When a woman becomes a mother, she has an ideal image in her head of how everything is going go. She plans the birth, breastfeeding, the colors of the nursery, the outfit the baby will go home in. We plan for this child for nine months.
However, when things don’t go as planned, when a darkness descends over your intentions and you find yourself sitting numbly on your couch as your baby wails from the swing, you will have questions.
When you are slapped across the face with postpartum depression, you will demand answers to these questions; questions for your doctor, your mother, your husband, and most important and potentially harmful, yourself.
1. What have I done to deserve this?
This is perhaps the first thought you will have when you realize something has gone terribly wrong. What could you have done better while pregnant? Maybe you didn’t do enough yoga. Maybe you didn’t take the right vitamins. Maybe you secretly didn’t want this child as much as you thought you did.
You have done nothing to deserve this. Do not allow this disease to question your intentions as a mother. You surely did the best you could while waiting for this child. You don’t deserve depression. You deserve joy.
2. What if I tell people and they judge me?
The stigma hanging over postpartum disorders waxes and wains like the tides. We go through spells of public outcry—mothers resorting to suicide, leaving their families in ruins. We go through glory days where a beautiful young celebrity mother breaks the silence of her struggle.
There are always going to be people for both sides of the game. If people love you, they will hold you up and lift your face to the sun. If people choose to have the opinion that you aren’t really sick, that you are just being lazy and tired and that every mother goes through hormonal changes, you can choose turn your back on them and be silently strong against the crashing waves of their criticism, or you can be brave and educate them. People are only afraid of things they don’t understand, after all.
3. Am I damaging my baby while struggling with my disorder?
I’m going to get personal here.
I struggled with depression before pregnancy, during pregnancy, and after pregnancy. I was always honest with my daughter about what was going on with me. If she asked why I was still in bed at two o’clock on a Tuesday afternoon, I wouldn’t say, “Mommy is just tired. I’m fine.” I would say, “Mommy is sick.”
Instead of growing up scared and neglected like I always imagined her to become, my five-year-old has grown to be an incredibly sensitive and empathetic human being. She can sense when an extra hug is needed, or when simply sitting next to her mother, who is weeping on the bathroom floor, will suffice.
Women who fight against PPD do it for usually one large reason: For the love of their children. It may feel like your battle is keeping you from loving your baby. You may feel distant and cold. You may feel that you are never going to be that perfect mother. I am here to tell you that you love your child just as much as a mother who breezes through their postpartum period on a cloud of joy and engagement. You will fight every day to remind yourself why you brought this tiny human into the world. You will cling to that love like a talisman that will keep you from spiraling out of control completely.
4. How can I do this to my partner?
The partners usually bear the weight when the mother is struggling with a postpartum disorder. They must pick up the parenting slack which may not come naturally to them at first. They will also have to watch you become unhinged and attacked from the inside of your mind by something they cannot protect you from.
Postpartum depression will beat at your relationship. It will test their patience, their strength, their endurance. They will deal with the crying, the rage, the suicidal thoughts and actions.

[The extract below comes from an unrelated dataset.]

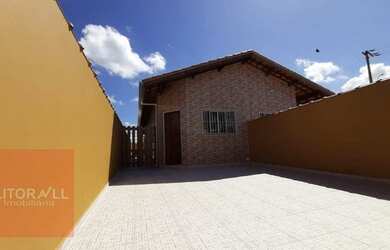 Imagem: A casa possui 2 Dormitórios, 1 Banheiro, 1 Vaga na garagem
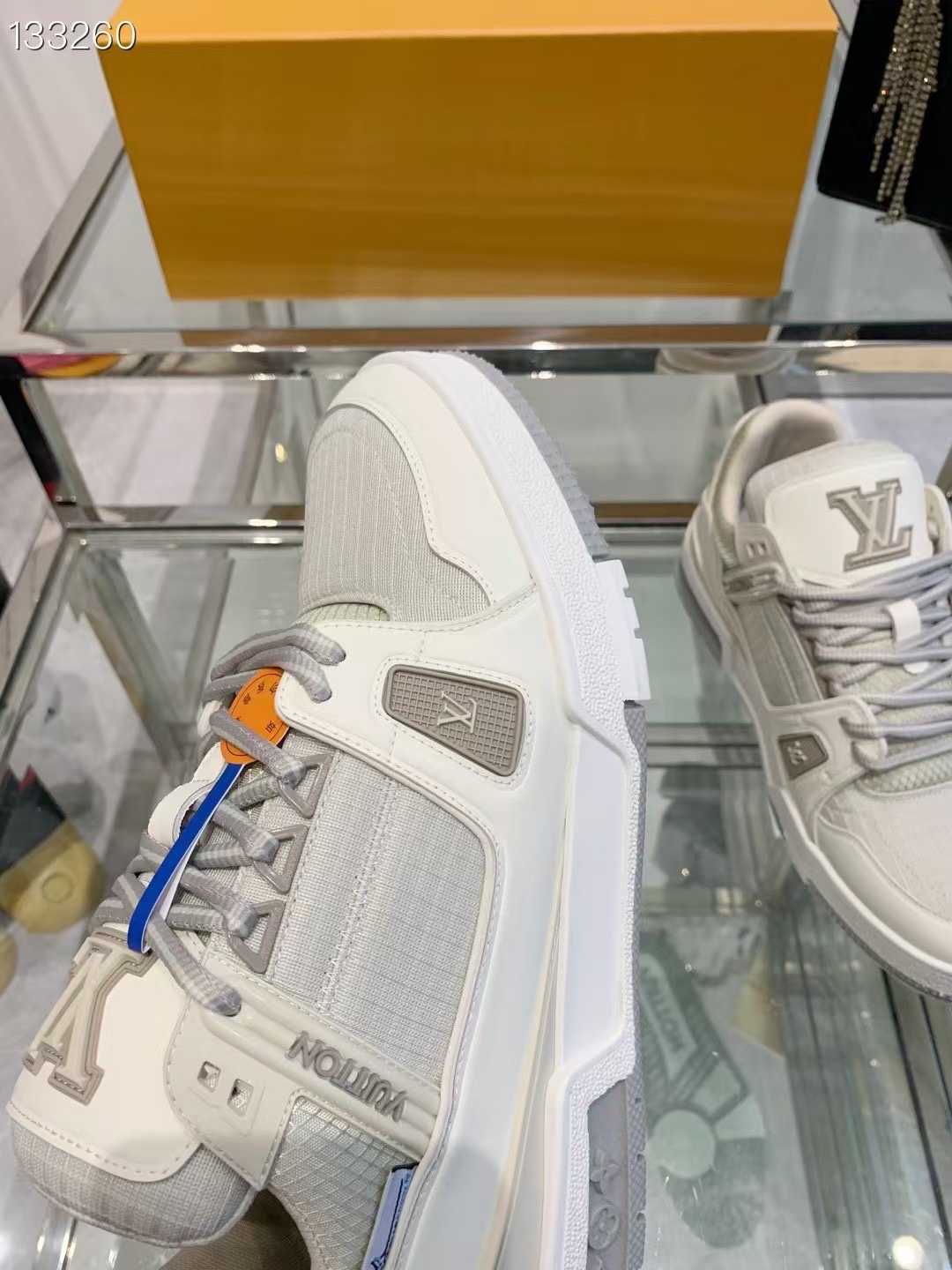 LVShoes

They will take your guilt in their hands and try to turn into something more manageable.
If they are true and good to you, they will realize that this isn’t something you are doing to them. It is something that is happening to your family.

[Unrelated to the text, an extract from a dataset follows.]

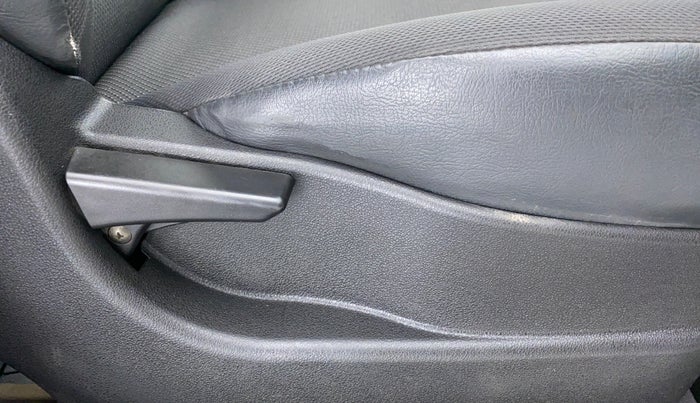 2019 Tata Tiago XT 1.2 REVOTRON, Petrol, Manual, 27,565 km, Driver Side Adjustment Panel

5. How can I be expected to ever feel normal?
Self-care is really the biggest weakness that PPD eats at. The longer you stay in bed, the more you skip showers and real clothes, the bigger your aversion to socializing becomes, the more ground the disorder gains.
If you lay still, you will atrophy. You desire to do anything about this will slip between your fingers. You must force yourself to sit up. You must meet your eyes in the mirror and talk yourself through small steps of menial routines. “I am going to put on real pants today.” “I am going to curl my eyelashes today.” “I am going to go to the grocery store today and buy five things that I don’t need.”
If you do not push yourself to feel like yourself, you will wake up one morning and not recognize who you have become. And then, you will feel very defeated.
6. When will I get better?
Once you are hit with something as debilitating as postpartum depression, you shouldn’t hyper focus on getting better. Don’t put all your chips on medication working, therapy clicking, and your mood miraculously lifting. It is a gentle balance of all of those things, and they will require constant maintenance.
You will not wake up one day, months after giving birth, and find yourself fully restored. You will feel better, that is true, but you will always have to be vigilante. It gets easier, however, the longer you go on. You will learn the tricks and weaknesses of what hounds you. You will learn the Achilles heel of depression and you will not be afraid to arm yourself against the darkness that will always lurk in the recesses of your mind.
You will not be cured of postpartum depression; you will become something much more important. You will become a warrior.